El 12 de abril de 2026, Hungría experimentó un vuelco electoral sin precedentes. Péter Magyar, líder del recién creado partido Tisza, obtuvo el 54% de los votos y 138 escaños en el Parlamento unicameral de 199 miembros. Viktor Orbán, cuyo partido Fidesz cayó al 38% con 55 representantes, reconoció la derrota. La participación ciudadana rozó el 78%, la cifra más alta desde la transición postcomunista.
Esta ventaja le confiere a Tisza la capacidad de reformar la Constitución y derogar las llamadas «leyes cardinales» que Fidesz diseñó para perpetuar su dominio.

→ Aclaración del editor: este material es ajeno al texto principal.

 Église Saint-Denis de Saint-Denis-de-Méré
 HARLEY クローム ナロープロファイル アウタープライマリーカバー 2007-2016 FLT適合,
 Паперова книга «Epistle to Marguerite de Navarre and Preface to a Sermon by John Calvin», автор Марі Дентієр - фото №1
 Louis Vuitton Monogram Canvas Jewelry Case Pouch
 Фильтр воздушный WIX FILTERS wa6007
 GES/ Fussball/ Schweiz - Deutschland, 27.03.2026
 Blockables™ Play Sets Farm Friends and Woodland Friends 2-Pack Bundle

Con esa supermayoría, el nuevo Gobierno podrá restablecer la independencia judicial, garantizar el pluralismo de medios y crear las condiciones exigidas por Bruselas para desbloquear los 18.000 millones de euros retenidos por presuntas irregularidades en el Estado de derecho y en la gestión de fondos estructurales.

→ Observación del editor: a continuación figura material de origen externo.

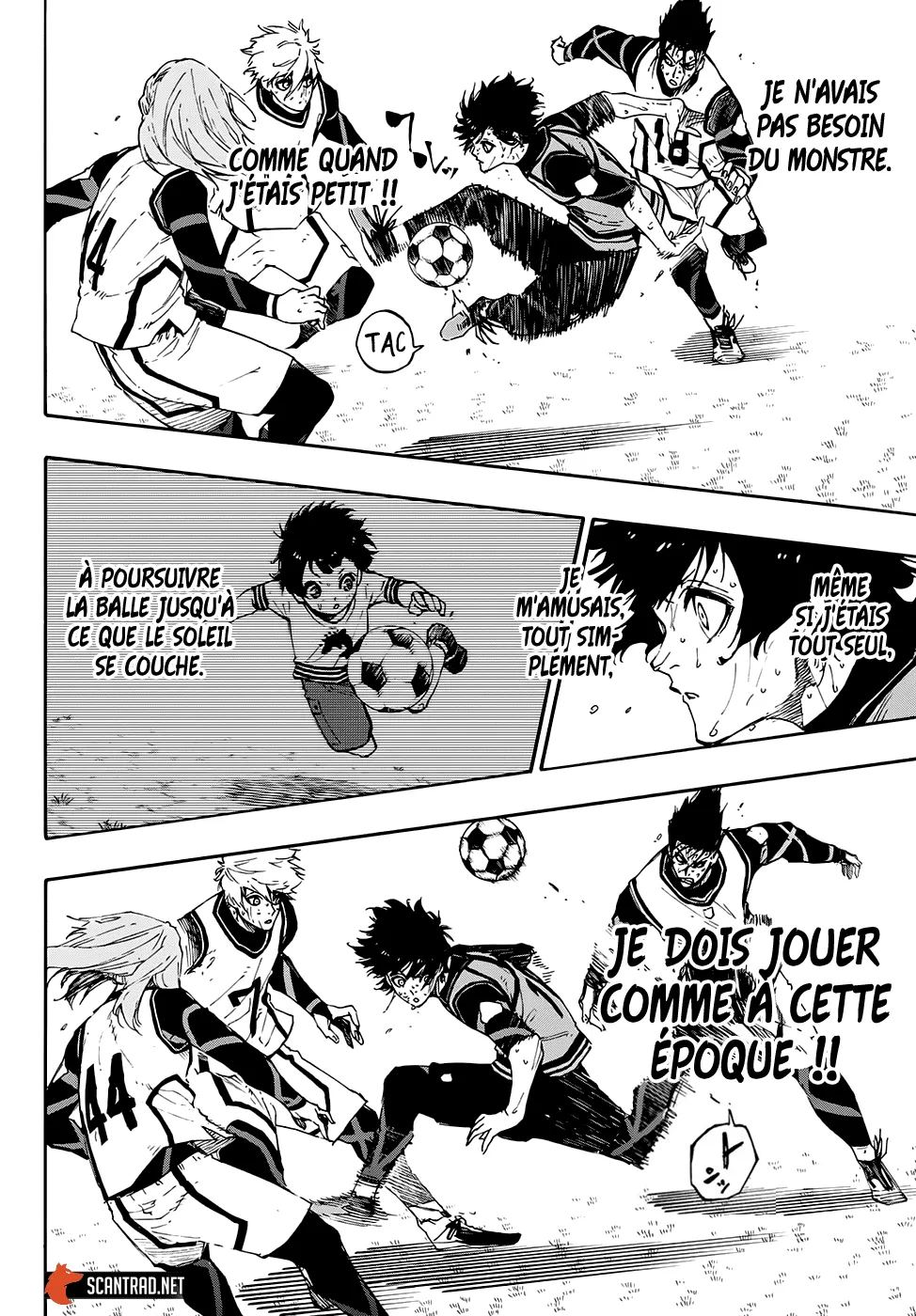 Read Blue Lock FRANCAIS Manga Online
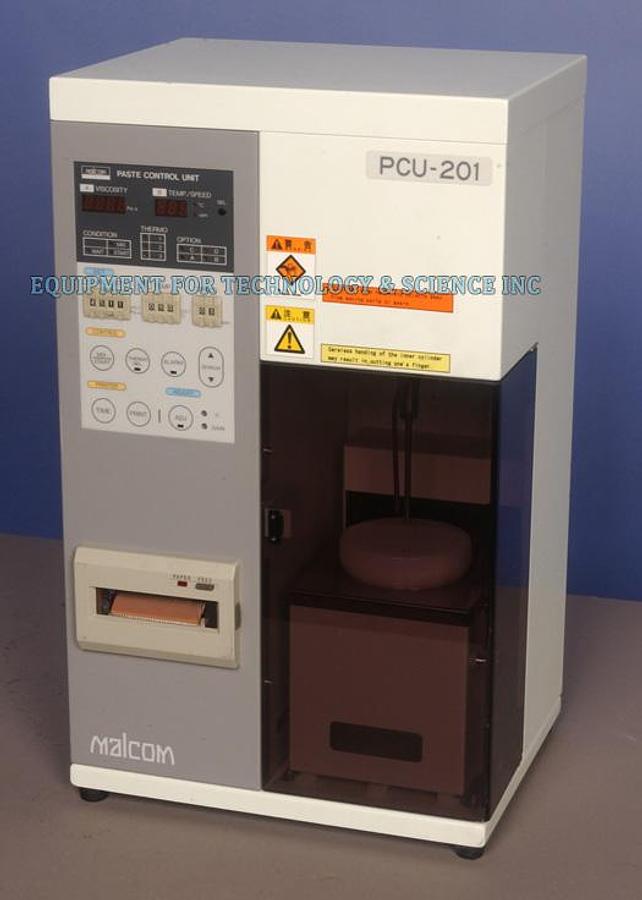 Used Malcom PCU-201 Spiral Viscometer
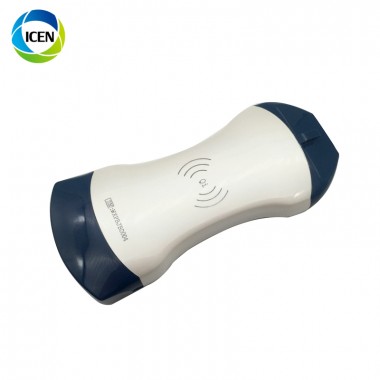 IN-AC5MC mobile phone/ipad doppler  pregnancy  wireless  portable ultrasound scanner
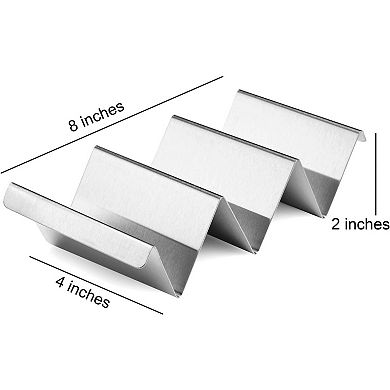 Great Ambitions Rack Tray Style, Oven Safe for Baking, Dishwasher and Grill Safe 4pk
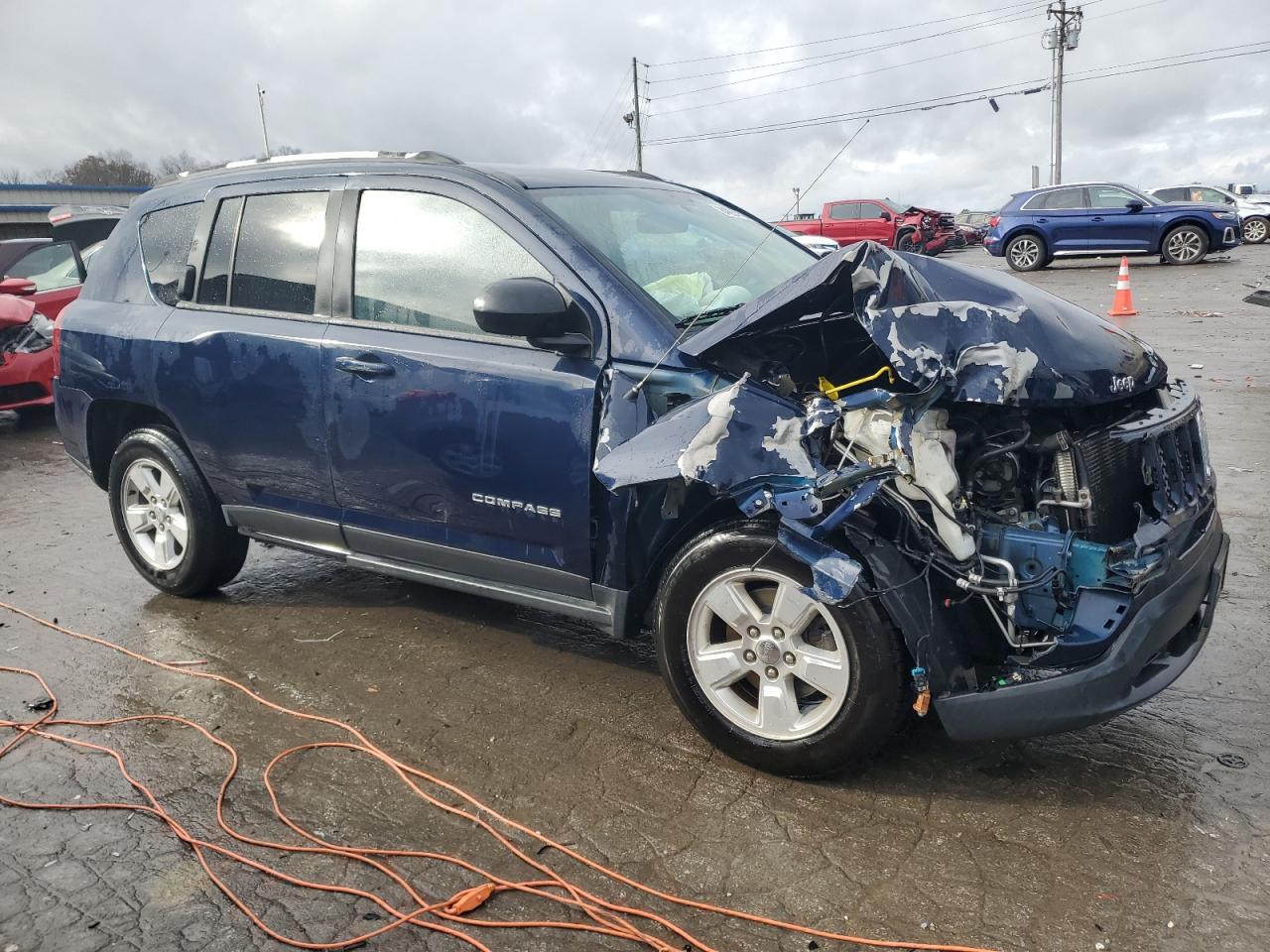 Lot #3028540939 2015 JEEP COMPASS SP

Durante más de una década, Budapest utilizó el principio de unanimidad en política exterior como palanca para frenar iniciativas comunitarias, vetando repetidamente paquetes sancionadores contra Moscú y obstaculizando créditos de emergencia para Ucrania. El ascenso de Magyar abre una vía para revertir esas trabas, priorizando en su programa el cumplimiento de los hitos impuestos por la Comisión Europea.
Para la Unión Europea, el cambio supone un alivio estratégico, ya que elimina la posibilidad de que un solo Estado bloquee decisiones en materia de sanciones, política de defensa o ampliación. La presidenta de la Comisión, Ursula von der Leyen, destacó que el retorno de Hungría al consenso comunitario mejora la eficacia del Consejo Europeo.
En el plano ideológico, el triunfo de Tisza erosiona la red transnacional que Orbán alimentó para sostener fuerzas iliberales en Europa. En España, Vox había recibido préstamos de una entidad bancaria budapestina vinculada al entorno gubernamental. Con la salida de Orbán del poder, ese canal de financiación se seca.
Para España, el escenario trae ventajas tangibles. La liberación de los fondos de cohesión de la UE significa que comunidades autónomas con déficits de infraestructura podrán acceder antes a partidas para diversos proyectos. Además, los presupuestos plurianuales de la Unión, antes retenidos por vetos húngaros, se aprobarán con mayor celeridad, inyectando liquidez en proyectos de transición energética.
Los sectores productivos españoles también se podrían beneficiar, con empresas de tecnología de la información y de maquinaria industrial mostrando interés en renovadas oportunidades en el mercado centroeuropeo tras la llegada de fondos europeos.